In an awkward exchange, Gabriel said his country is “very much in favor” of the two-state solution.
“I was very thankful to hear that of course also the government of Israel wants to have two states, but (with secure) borders,” he said.
Netanyahu broke in with a clarification.
He said Israel’s “first condition” would be to control security west of the Jordan River, an area that includes all of the West Bank, the heartland of the Palestinians’ hoped-for state.
“Whether or not it is defined as a state when we have the military control is another matter,” he said. “I’d rather not discuss labels, but substance.”
That suggests Israel would prefer something most observers would more likely define as autonomy than independence — an arrangement that would have few if any equivalents in the world.
Nabil Abu Rdeneh, spokesman for Palestinian President Mahmoud Abbas, said the Palestinians would not accept the presence of “one Israeli soldier” on sovereign Palestinian lands.
“Either there will be full Palestinian sovereignty or there will be no security, no peace and no stability,” he said.

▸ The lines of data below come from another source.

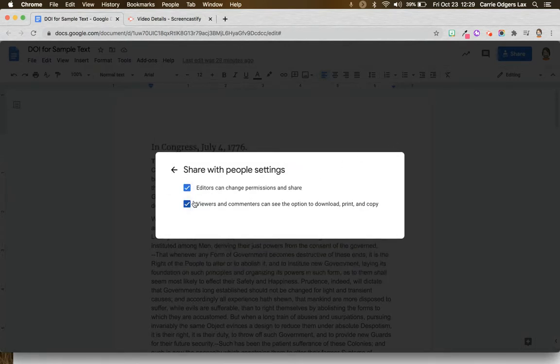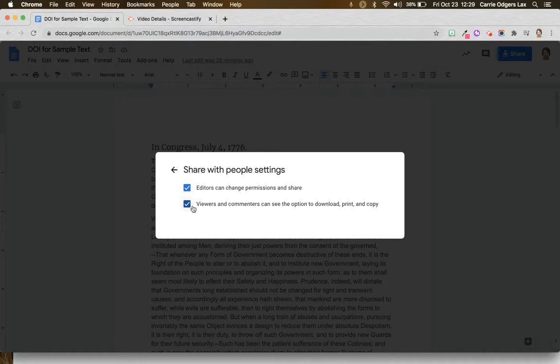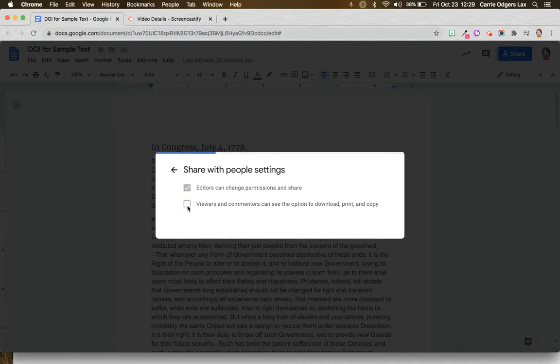Then you'll uncheck the box next to the setting you want to change. So to prevent people who have view or comment permissions from downloading, printing, or copying, you'll simply uncheck that box.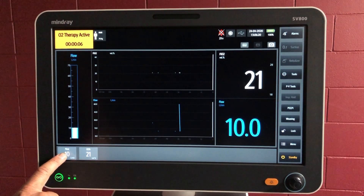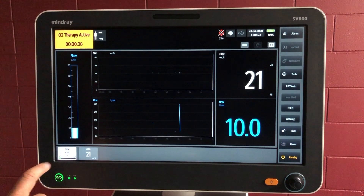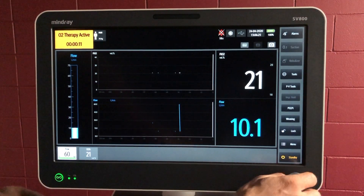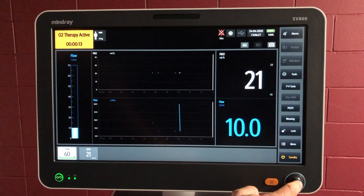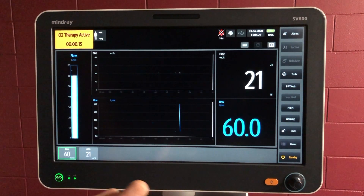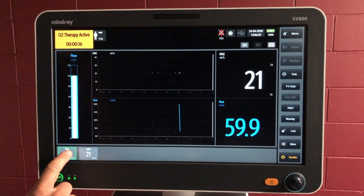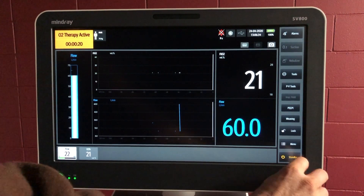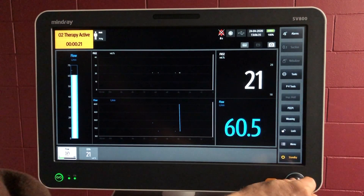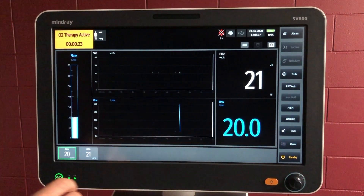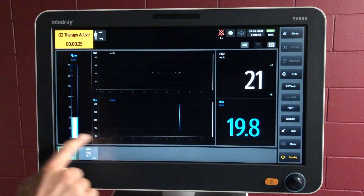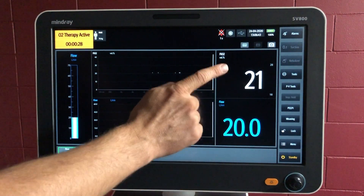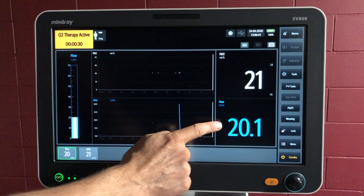So let's go with flow — we can adjust that. Just select the parameter, adjust the parameter up to 60 litres per minute, and then confirm with that button as well. We select the parameter, adjust the parameter, and confirm that. We'll have settings here, and the readings are here according to the oxygen sensor and the flow sensor.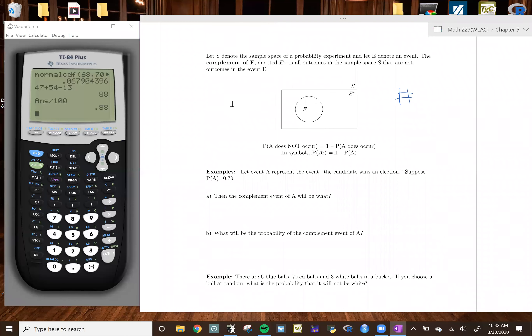Right now we're going to get into something called the complement rule. The complement rule coincides with disjoint and mutually exclusive, because for anything to be a complement they essentially have to be disjoint — either one event will occur or a second event will occur, but it's impossible for both events to occur at the same time.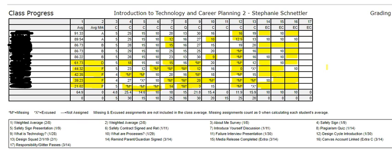So I just wanted to show you how the columns are named so you can always find the assignment, what the highlighting means, and what the extra credit is. On Progress Book there will be directions on how to get all of that extra credit done. I hope this helps you to survive Schnettler's classes.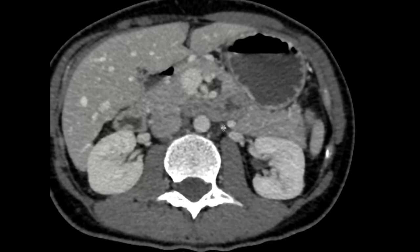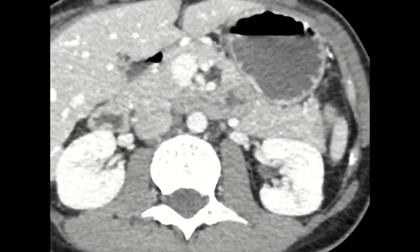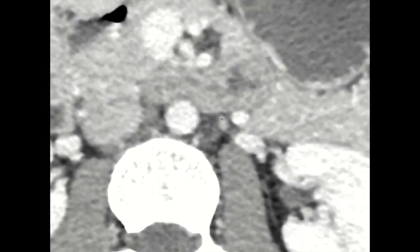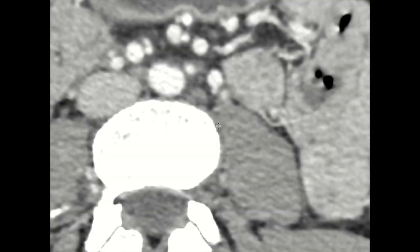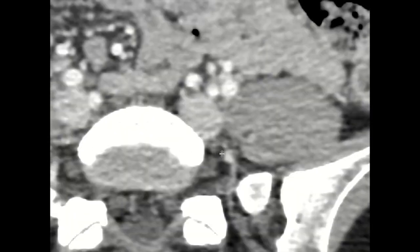We see this vessel right here — I'll zoom in on it. This vessel right here is your genital vein, and if you follow this vessel down it's going to take you to the left ovary. Here we can see it coming down and then going into this structure right here.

Advocates of the twostate solution, including Israel’s opposition parties, have long argued that the establishment of a Palestinian state is essential for Israel’s own survival.
Palestinian officials now claim that Trump’s team is working with Israel on a plan that would give them a mini-state in roughly half of the West Bank, with Israel retaining overall security control, as well as control over Jerusalem and its holy sites. Final borders and the fate of Israel’s dozens of settlements would be decided later.